**WHAT TO WORK ON:**
Return every line from the records below in which the word "Square" is found.

===== DATA SECTION

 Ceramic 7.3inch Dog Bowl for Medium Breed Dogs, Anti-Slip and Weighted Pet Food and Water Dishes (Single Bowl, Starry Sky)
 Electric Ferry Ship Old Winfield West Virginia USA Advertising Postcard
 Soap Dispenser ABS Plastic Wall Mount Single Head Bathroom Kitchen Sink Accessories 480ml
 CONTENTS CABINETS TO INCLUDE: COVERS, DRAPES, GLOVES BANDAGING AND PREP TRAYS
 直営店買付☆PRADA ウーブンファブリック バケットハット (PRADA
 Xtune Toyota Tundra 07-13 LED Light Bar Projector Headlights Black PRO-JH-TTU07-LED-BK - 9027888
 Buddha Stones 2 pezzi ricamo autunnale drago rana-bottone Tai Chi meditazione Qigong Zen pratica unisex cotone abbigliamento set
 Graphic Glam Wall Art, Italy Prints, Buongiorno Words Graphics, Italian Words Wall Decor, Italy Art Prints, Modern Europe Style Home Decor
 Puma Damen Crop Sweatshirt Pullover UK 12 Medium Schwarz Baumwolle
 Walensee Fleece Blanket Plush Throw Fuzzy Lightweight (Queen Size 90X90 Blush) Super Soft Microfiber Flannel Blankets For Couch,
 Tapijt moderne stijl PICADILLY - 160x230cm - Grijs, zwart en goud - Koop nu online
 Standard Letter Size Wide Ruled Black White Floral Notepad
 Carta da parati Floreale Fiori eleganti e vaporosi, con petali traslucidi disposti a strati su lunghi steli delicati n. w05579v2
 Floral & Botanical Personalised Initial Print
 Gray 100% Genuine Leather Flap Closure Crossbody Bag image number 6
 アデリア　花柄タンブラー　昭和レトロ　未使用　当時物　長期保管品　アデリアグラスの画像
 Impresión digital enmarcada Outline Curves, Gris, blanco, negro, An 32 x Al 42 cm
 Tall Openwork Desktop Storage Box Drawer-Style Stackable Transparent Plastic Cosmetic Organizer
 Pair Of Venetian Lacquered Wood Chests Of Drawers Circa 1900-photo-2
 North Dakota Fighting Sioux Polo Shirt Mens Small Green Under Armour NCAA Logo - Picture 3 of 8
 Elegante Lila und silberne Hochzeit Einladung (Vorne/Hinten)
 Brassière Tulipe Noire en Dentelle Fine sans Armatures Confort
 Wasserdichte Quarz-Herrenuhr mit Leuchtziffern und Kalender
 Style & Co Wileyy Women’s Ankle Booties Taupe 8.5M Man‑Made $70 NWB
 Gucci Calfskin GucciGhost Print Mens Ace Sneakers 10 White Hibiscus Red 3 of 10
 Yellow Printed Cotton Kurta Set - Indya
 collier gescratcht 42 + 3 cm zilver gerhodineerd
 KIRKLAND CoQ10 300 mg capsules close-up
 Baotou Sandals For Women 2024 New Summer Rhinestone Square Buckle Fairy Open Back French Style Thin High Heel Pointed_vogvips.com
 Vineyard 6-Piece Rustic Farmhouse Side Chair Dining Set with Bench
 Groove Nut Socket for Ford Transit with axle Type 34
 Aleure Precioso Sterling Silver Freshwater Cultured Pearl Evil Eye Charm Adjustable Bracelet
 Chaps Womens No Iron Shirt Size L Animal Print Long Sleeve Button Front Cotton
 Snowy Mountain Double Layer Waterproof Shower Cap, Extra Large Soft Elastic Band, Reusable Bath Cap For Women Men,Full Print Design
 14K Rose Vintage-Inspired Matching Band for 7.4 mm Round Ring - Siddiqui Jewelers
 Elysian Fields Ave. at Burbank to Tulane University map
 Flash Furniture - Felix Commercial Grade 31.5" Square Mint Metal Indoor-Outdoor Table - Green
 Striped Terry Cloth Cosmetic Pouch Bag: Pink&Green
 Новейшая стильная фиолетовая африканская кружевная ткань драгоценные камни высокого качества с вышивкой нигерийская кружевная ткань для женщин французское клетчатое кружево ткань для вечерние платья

==========

**ANSWER SECTION:**
 Baotou Sandals For Women 2024 New Summer Rhinestone Square Buckle Fairy Open Back French Style Thin High Heel Pointed_vogvips.com
 Flash Furniture - Felix Commercial Grade 31.5" Square Mint Metal Indoor-Outdoor Table - Green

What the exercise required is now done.